Джокер (он же Джек Напьер) — персонаж-нарцисс, садист и убийца, первый и самый главный противник Бэтмена. Эту пару соединяет таинственное общее прошлое, которое делает их противостояние особенно ожесточенным. Его биография напоминает историю жизни невероятно вспыльчивого, самовлюбленного и честолюбивого ювелира и убийцы Бенвенуто Челлини или представителей знаменитых злодействами родов Висконти, Медичи, Борджиа. По данным графических комиксов, в детстве Джек проявлял незаурядные способности в науках и отличался склонностью к искусствам, но обладал неустойчивой психикой.

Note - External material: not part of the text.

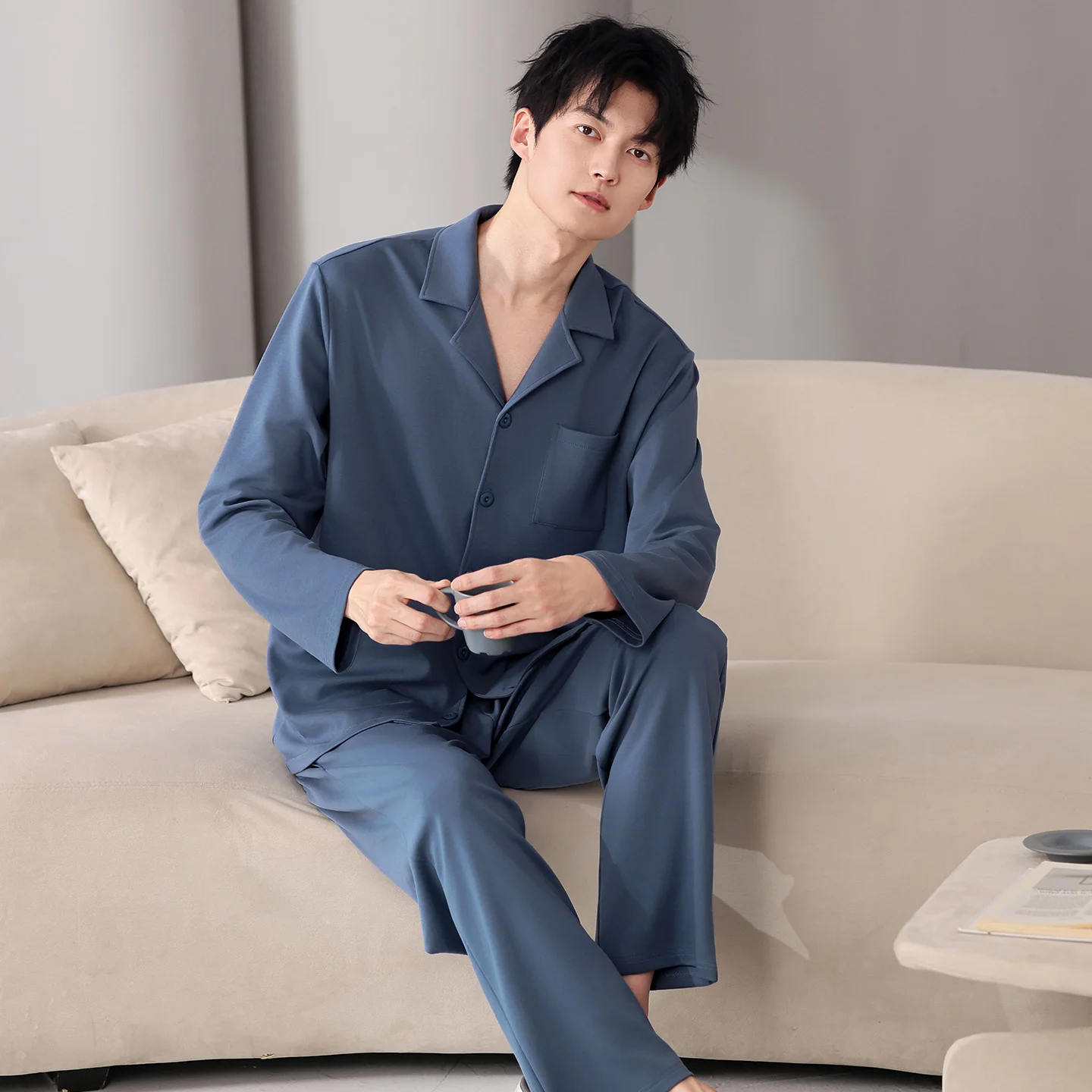 Long Pants + Long Sleeve Tops Pajama Sets Men Spring Cotton Pajamas Home Suit Mens Sleepwear Loose Button Cardigan Nightwear 4XL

В 15 лет он совершил первое преступление с использованием оружия, а впоследствии именно он с соучастниками убил родителей Брюса Уэйна и собирался убить ребенка-Брюса, но замешкался; любитель театральных эффектов, он задал мальчику свой сакраментальный вопрос: «А ты танцевал когда-нибудь с дьяволом при свете бледной луны?». (В этот момент его соучастник велел Брюсу бежать.) У Джокера с его змеиными повадками и шипящим голосом нет никаких популярных фрейдистских оправданий для злодейства, его зло беспричинно и безмотивно, хотя к Бэтмену у него имеется личный счет: пытаясь скрыться от него при ограблении на химическом заводе, Джек упал в чан с кислотой — хотя Бэтмен пытался его спасти. Под воздействием химикалий его кожа стала мертвенно бледной, а губы ярко-алыми, волосы позеленели. Клоунский вид (в одной из версий) подвигнул Джека взять себе псевдоним Джокер и совершать преступления, обставляя их шутками и каламбурами.
Джокер впервые появился в печати в 1940 году, в первом выпуске комикса «Бэтмен». Создатели Джокера Боб Кейн (художник) и Билл Фингер (автор текста) сотворили его по образу актера Конрада Вейдта «с застывшей улыбкой на лице» в фильме «Человек, который смеется» (1928) экранизации романа Виктора Гюго. В дальнейшем у них было множество соавторов, в том числе Джерри Робинсон, который претендовал на авторство в создании этого образа. «Мне нужен был злодей, — вспоминал Робинсон, — с атрибутом, в котором чувствовалось бы противоречие в терминах — качество, свойственное, на мой взгляд, всем большим персонажам. Чтобы сделать моего героя отличным от других, он должен был обладать особым юмором. Так я подобрался к его прозвищу. <... > Я стал раздумывать над его именем, и в голову мне пришло: „Джокер”! — по ассоциации с джокером, изображенным на колоде карт. И я вскричал: „Эврика!”, потому что одномоментно нашел и образ, и имя» [Robinson]. Джокер, несмотря на эксцентричность, все же оставался психически здоровым, но только до начала 1970-х годов, когда в обиход комиксмейкеров вошел термин «преступно безумен».